Antonín DVOŘÁK (1841-1904)
CD1
Symphony No. 5 in F major Op. 76 (1875) [37:47]
Othello Overture Op. 93 (1891) [13:42]
Scherzo Capriccioso Op. 66 (1883) [12:41]
CD2
Symphony No. 7 in D minor Op. 70 (1885) [37:03]
Symphony No. 8 in G major Op. 88 (1889) [36:42]
CD3
Symphony No. 9 in E minor Op. 76 “From the New World” (1893) [40:24]
Bedrich SMETANA (1824-1884)
Vltava from Ma Vlast (1874) [12:04]
Oslo Philharmonic Orchestra/Mariss Jansons
rec. Konserthuset, Oslo, Norway, 1988-1992. DDD
EMI CLASSICS TRIPLE 5008782 [3 CDs: 64:20 + 73:45 + 52:28]


Mariss Jansons has a wonderful way with Dvořák. Exuberant performances, fresh and exciting, keenly attentive to intricacies and united in purpose and attack. You will not hear tighter Dvořák playing anywhere.

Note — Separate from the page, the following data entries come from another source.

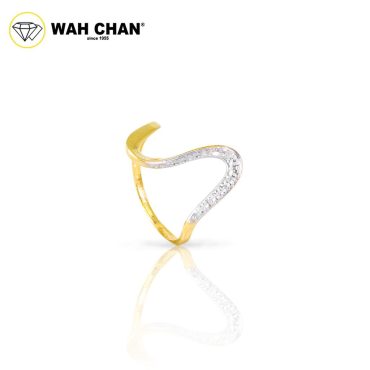 WAH CHAN 916 Gold Ring -  Modern Wave Ring 2C OSR1115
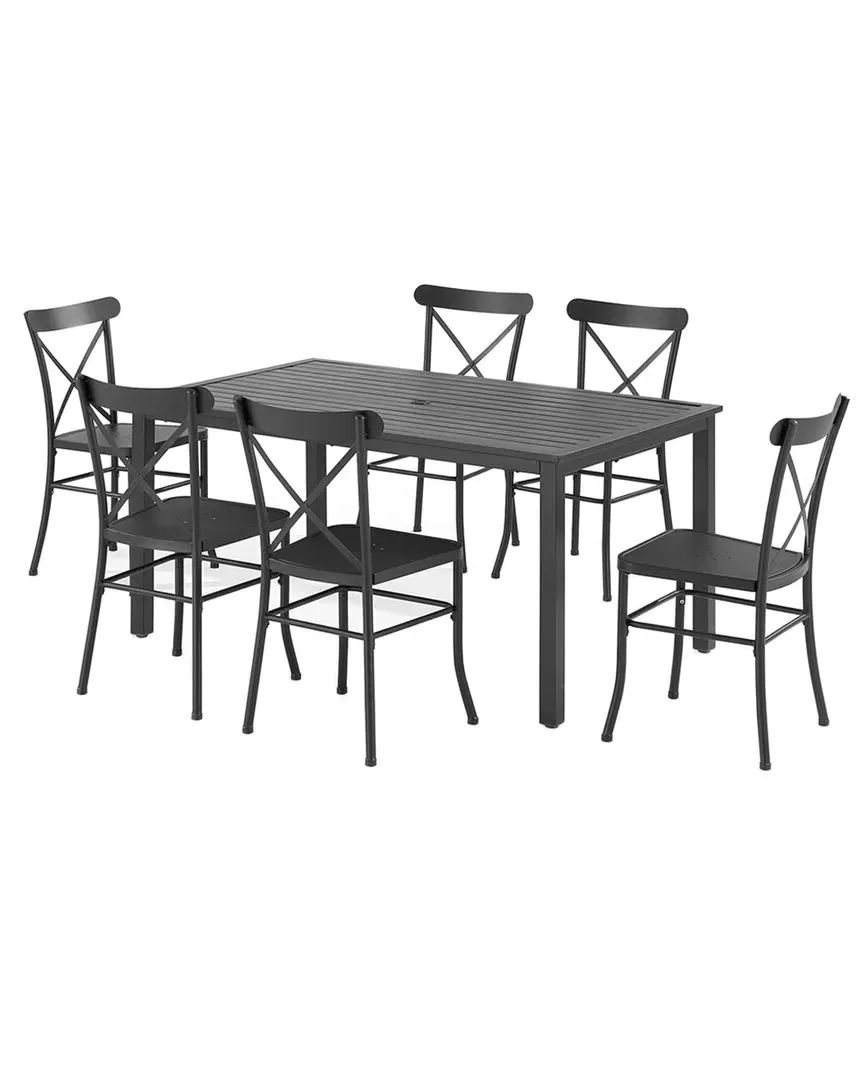 Astrid 7-Piece Outdoor Dining Set - Black, Steel image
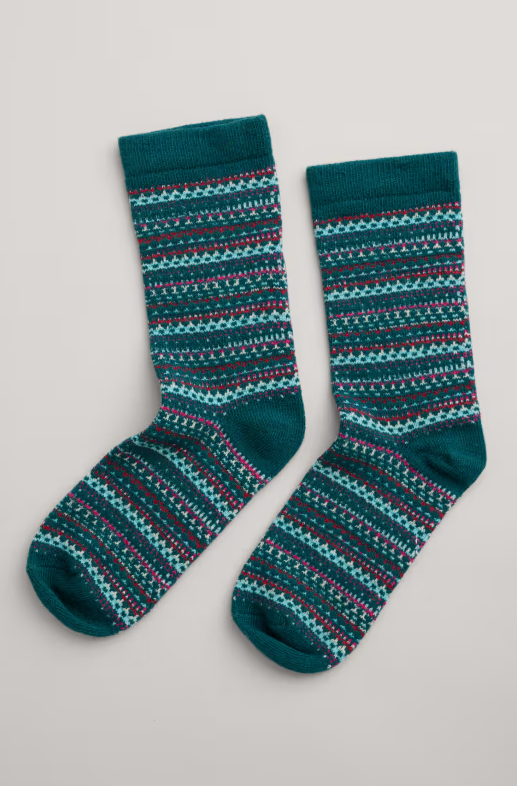 Sea Salt - Fair Isle Socks - Sea Glass Dark Jade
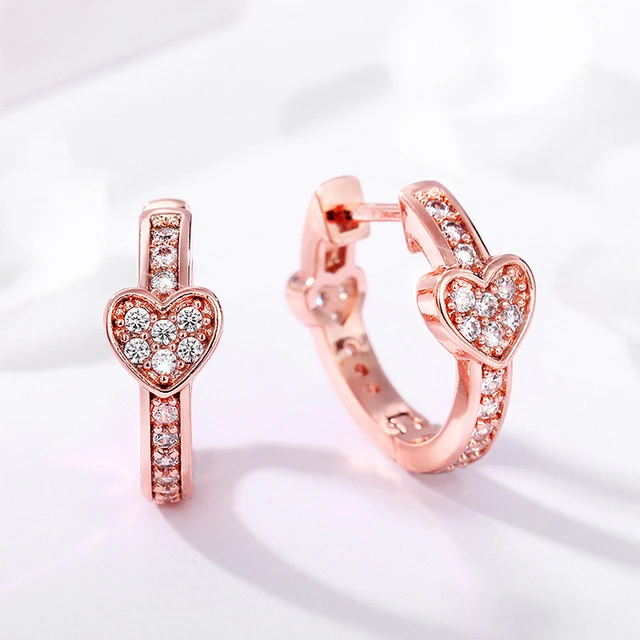 Rose Gold, Peach, Clear, & Pink Cubic Zirconia Post Earrings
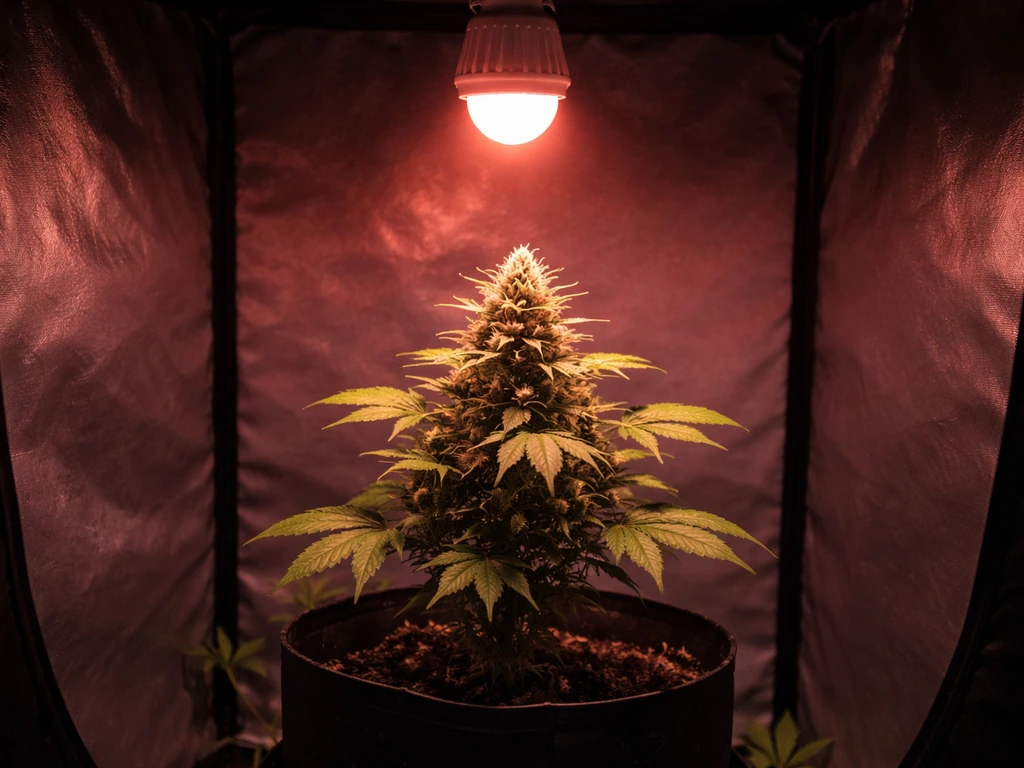 Budding cannabis plant under a hanging LED grow bulb emitting warm red-pink bloom light.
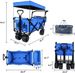 Collapsible Wagon Heavy Duty Folding Wagon Cart With Removable Canopy, 4" Wide Large All Terrain Wheels, Brake, Adjustable Handles,Cooler Bag Utility Carts For Outdoor Garden Beach_maomaolike.com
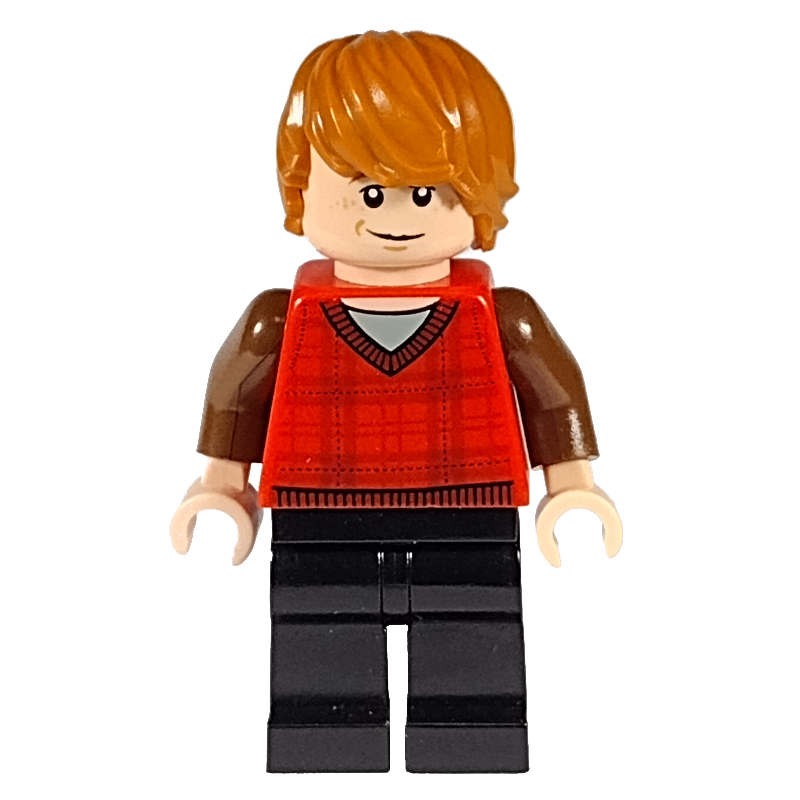 Ron Weasley, chandail en tartan rouge, jambes noires (Ron Weasley, Red Tartan Sweater Vest, Black Legs)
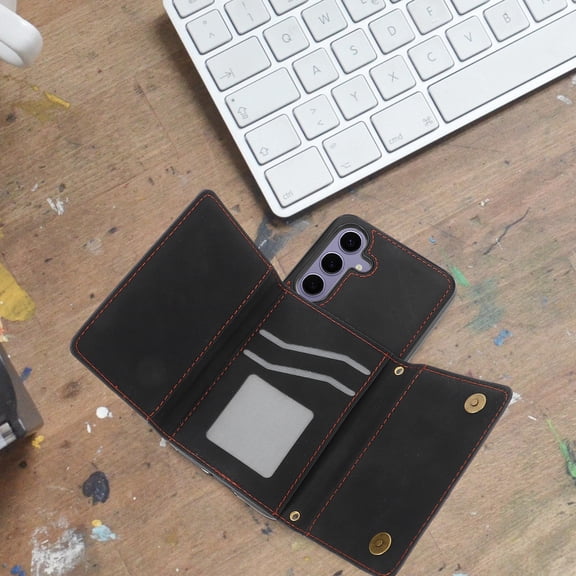Masteelf Phone Case With Integrated Card Holder Multifunctional Smartphone Cover Stand Pu Shock Resistant Tpu Protection Cover Compatible For Samsung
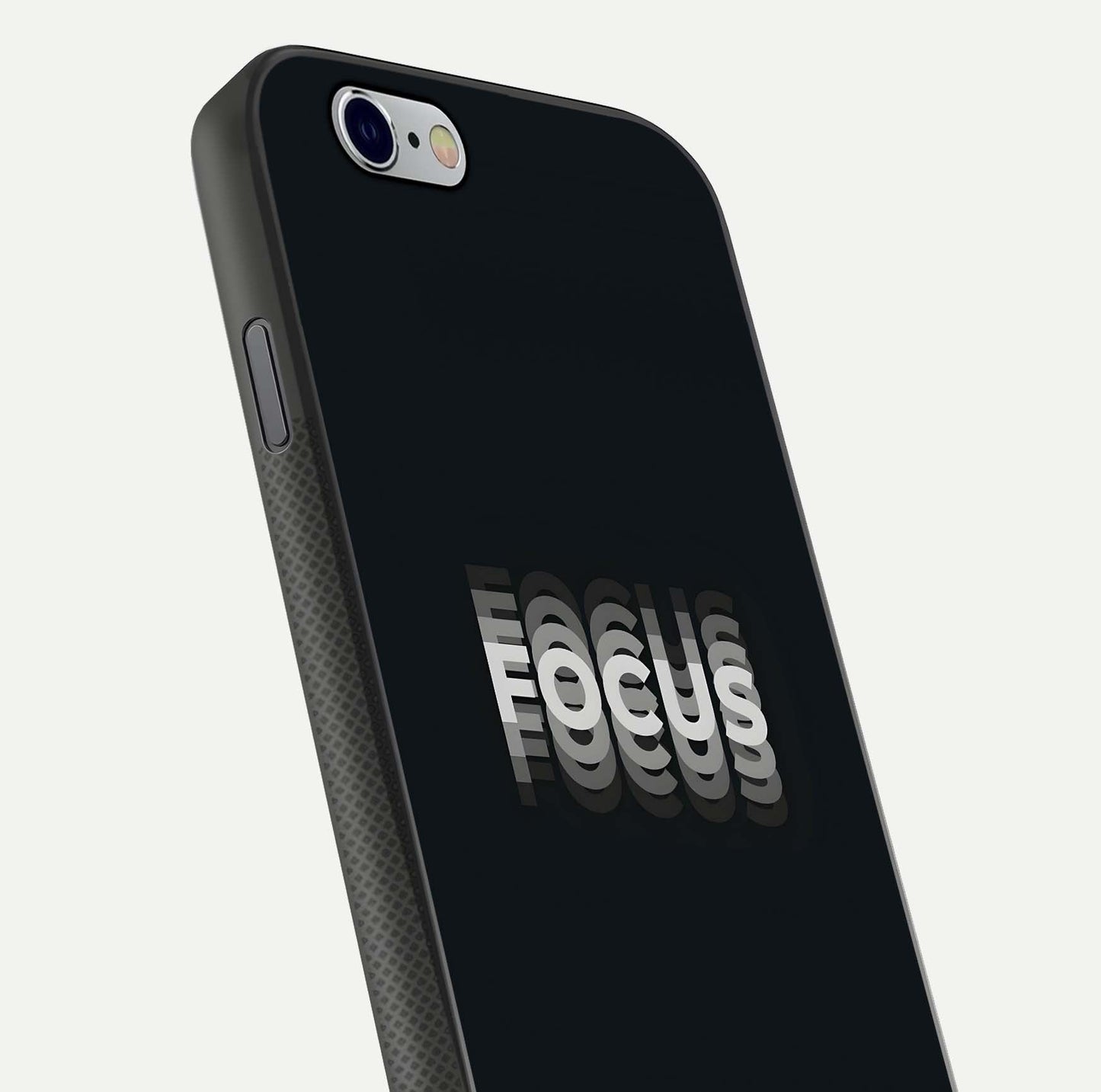 Mono Focus Vision Glass Case for iPhone 16 Pro close-up angled shot highlighting minimal contrast and reflection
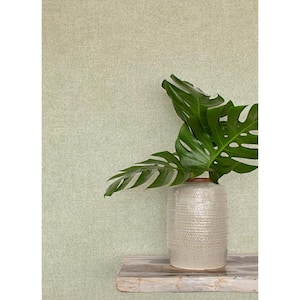 Homespun Textured Green Prepasted Non Woven Wallpaper Sample
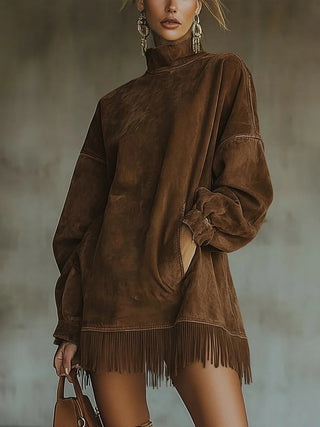 Soleya | Pull oversize à franges bohème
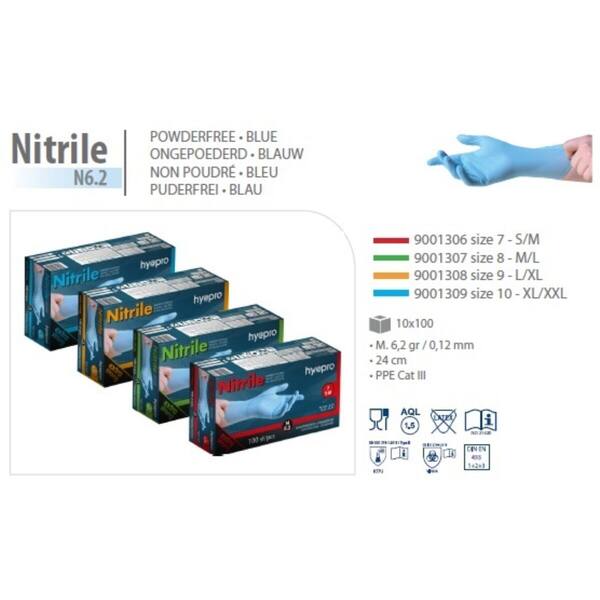 Onderzoekshandschoenen ongepoederd nitril blauw GD21 maat M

Rob Barnett has already reviewed this set, both in this incarnation and as licensed by EMI to Brilliant Classics. It is tempting to enter a simple “I concur”, but I will be more discursive, as these performances are worth writing about.
 
Mariss Jansons has a wonderful way with Dvořák. Each of these performances is excellent and exuberant. The Oslo Philharmonic Orchestra does not have the weight of string tone that distinguishes the great European bands, but its members are skilled musicians. With Jansons at the helm they produce playing that is fresh and exciting, keenly attentive to the scores' intricacies and united in purpose and attack. You will not hear tighter Dvořák playing anywhere.
 
Jansons' performance of Dvořák's fifth is probably the best I have heard. He eschews the “Pastoral” epithet that was, without the composer's sanction, once used commonly in reference to this symphony, and instead of bucolic ease he injects an energised lyricism. Jansons' approach is quite different to, say, Pesek's warmer, more affectionate treatment on Virgin, but it is bracingly brilliant. The sharply etched orchestral playing and EMI's clear sonics ensure that the details of this lovely score emerge as if newly minted and remain utterly memorable.
 
The fillers on the first disc are every bit as well done as the symphony. The Oslo orchestra plays the daylights out of both pieces, giving the concert overture, Othello, a brooding, thrusting, dramatic performance and injecting an almost malevolent glee into the Scherzo Capriccioso.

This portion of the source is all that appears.